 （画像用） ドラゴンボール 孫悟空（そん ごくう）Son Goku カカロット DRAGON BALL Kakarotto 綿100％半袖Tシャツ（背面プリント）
-------------------------
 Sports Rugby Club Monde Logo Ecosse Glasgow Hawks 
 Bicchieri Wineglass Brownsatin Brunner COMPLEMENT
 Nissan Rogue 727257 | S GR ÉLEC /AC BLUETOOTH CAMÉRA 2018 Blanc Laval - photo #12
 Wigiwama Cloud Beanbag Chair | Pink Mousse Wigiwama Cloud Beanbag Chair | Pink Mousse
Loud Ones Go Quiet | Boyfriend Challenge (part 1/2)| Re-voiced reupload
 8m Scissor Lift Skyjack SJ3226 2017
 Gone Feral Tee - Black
-------------------------
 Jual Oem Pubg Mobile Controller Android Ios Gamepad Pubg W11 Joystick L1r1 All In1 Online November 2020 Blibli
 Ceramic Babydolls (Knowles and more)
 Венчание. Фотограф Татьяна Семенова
-------------------------
## YOUR ASSIGNMENT
Extract from the records above the lines from the one containing "Sports Rugby Club" to the one containing "Wigiwama Cloud Beanbag Chair | Pink Mousse Wigiwama", both lines included, exactly as they appear and with nothing else.

## TASK OUTPUT
 Sports Rugby Club Monde Logo Ecosse Glasgow Hawks 
 Bicchieri Wineglass Brownsatin Brunner COMPLEMENT
 Nissan Rogue 727257 | S GR ÉLEC /AC BLUETOOTH CAMÉRA 2018 Blanc Laval - photo #12
 Wigiwama Cloud Beanbag Chair | Pink Mousse Wigiwama Cloud Beanbag Chair | Pink Mousse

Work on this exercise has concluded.